The Mistake
We launched at $9/month because it felt accessible. We thought low price = more customers = more growth. The opposite happened.
At $9/month we attracted customers who:
- Needed a lot of support for every tiny feature
- Churned the moment they hit a limitation
- Asked us to add features we didn't want to build
- Complained constantly about value
Six months in, we had 200 customers paying $9. That's $1,800 MRR with a churn rate of 18% monthly. We were running backwards.

The Experiment
We raised the price to $29/month for all new customers. Kept existing customers at $9.
First month at $29: Signups dropped 40%. We panicked.

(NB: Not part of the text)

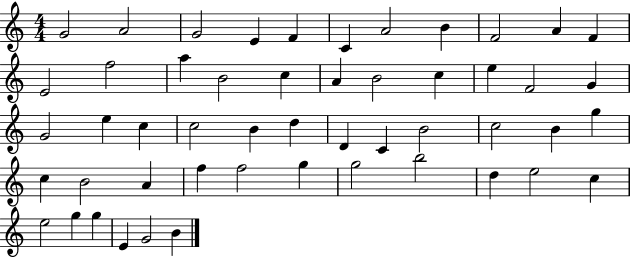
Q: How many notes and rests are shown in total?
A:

Revenue went up 60%. The customers who signed up at $29:
- Asked better questions
- Needed less support
- Stayed longer
- Gave better feedback
What Actually Happened to Churn
At $9: 18% monthly churn (customers don't think twice about cancelling — it costs less than a meal)
At $29: 6% monthly churn (people actually try to get value before leaving)
The Pricing Principle We Learned
Price communicates positioning. $9 says "cheap tool." $29 says "I should use this properly." Your price shapes how customers treat your product.
The right question is not "what can I charge without losing customers?" It is "what price attracts customers who will actually succeed with my product?"
What We'd Do Differently
Start at $49. Not $9. Not $29. $49. Then offer a 14-day free trial instead of a free tier. Free tiers attract non-buyers. Trials convert real buyers who need a deadline.